I have been struggling with all these questions lately. I am endlessly fascinated by the mysteries of our universe, and in the past few months, I’ve been making my way through books outlining the truths and theories brought to us by scientists who have—incredibly—devoted their lives to the possibility of finding answers. What I didn’t realize was how unsettling it can be to think about all this stuff day in and day out. As relevant as it all is to the life I live, it has thrown me for a loop. It has made me wonder yet again what the value of any of this stuff is—the Starbucks I’m sitting in, the tea I’m drinking, the sidewalk outside, the cars speeding by. If certain cutting-edge theories are correct, it’s all nothing more than threads of energy vibrating in different ways to create the building blocks of matter. So, any thinking person must ask: What is the point? Why does any of it (excuse the pun) matter?
Unfortunately, the only reward for wondering these questions is a big fat question mark. For me, the underwhelming number of hints it provides can sometimes feel overwhelming.
Yet my little niece gets to go home tonight. She gets to experience what it’s like to have loving parents who will someday make her giggle like crazy, cause her to storm off to her bedroom in sadness or fury, or inspire her to pursue her talents and interests. She will also meet her brother for the first time, marking for them a start to the joys and tribulations of sibling relationship management. They will fight over toys, travel the world together, and grow into different people whose values and opinions may not always align.
Isn’t all of this the true meat of life, the value granted by those perfectly-combined particles that have somehow become us? I have no answers about the secrets of the universe, but I do know that my niece’s existence is a miracle. She came from nothing, and here she is, about to start this incredible adventure we call life. It can’t be meaningless, because it’s just too damned amazing. Some strange gut instinct tells me that this new addition to world is a quick wink and grin from the force that bridges matter and meaning.

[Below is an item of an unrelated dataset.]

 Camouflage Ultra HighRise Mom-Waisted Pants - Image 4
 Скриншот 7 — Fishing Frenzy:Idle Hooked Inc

A few weeks ago, I watched a TV show that gave me an interesting perspective. It involved a virtual reality game where characters played without having any overall knowledge of the game’s purpose. It resembled a heightened version of normal life, and players simply . . . played. At one point, a character asked, “What’s the point of the game?” and his cohort replied, “Nobody knows. Some people think the point of the game is to figure out how to play it.”
I’m pretty sure this is a perfect allegory for our existence. The scientific pursuit of truth falls right into it, because ultimately it will inform what we as human beings do—how we play the game. My beautiful new niece is just starting out. What she doesn’t know and may never know (unless she someday reads this) is that she has already given me a hint, already made her first move.
Perhaps someday I’ll be able to return the favor. Until then, the game continues.